• Your goal
Among the lines of the records below, copy those that hold the word "Large".

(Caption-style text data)
--------------------------------------------------

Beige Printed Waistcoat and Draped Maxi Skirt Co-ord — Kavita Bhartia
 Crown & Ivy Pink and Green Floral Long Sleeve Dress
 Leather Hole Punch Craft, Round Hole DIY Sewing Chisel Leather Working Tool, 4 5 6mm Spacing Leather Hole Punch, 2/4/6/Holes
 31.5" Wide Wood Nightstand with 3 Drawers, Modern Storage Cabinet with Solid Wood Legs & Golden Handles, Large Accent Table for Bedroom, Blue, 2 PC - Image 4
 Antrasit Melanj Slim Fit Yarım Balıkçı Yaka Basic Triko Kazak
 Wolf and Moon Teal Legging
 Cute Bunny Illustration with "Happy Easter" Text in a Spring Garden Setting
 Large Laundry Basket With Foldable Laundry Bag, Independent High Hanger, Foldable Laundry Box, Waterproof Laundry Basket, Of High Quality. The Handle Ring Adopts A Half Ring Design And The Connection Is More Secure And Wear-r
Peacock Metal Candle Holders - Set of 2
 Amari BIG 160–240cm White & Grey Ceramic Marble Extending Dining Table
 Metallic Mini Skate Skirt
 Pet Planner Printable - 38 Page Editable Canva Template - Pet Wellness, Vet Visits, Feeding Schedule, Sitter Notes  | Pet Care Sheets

--------------------------------------------------

• Result of the task
 31.5" Wide Wood Nightstand with 3 Drawers, Modern Storage Cabinet with Solid Wood Legs & Golden Handles, Large Accent Table for Bedroom, Blue, 2 PC - Image 4
 Large Laundry Basket With Foldable Laundry Bag, Independent High Hanger, Foldable Laundry Box, Waterproof Laundry Basket, Of High Quality. The Handle Ring Adopts A Half Ring Design And The Connection Is More Secure And Wear-r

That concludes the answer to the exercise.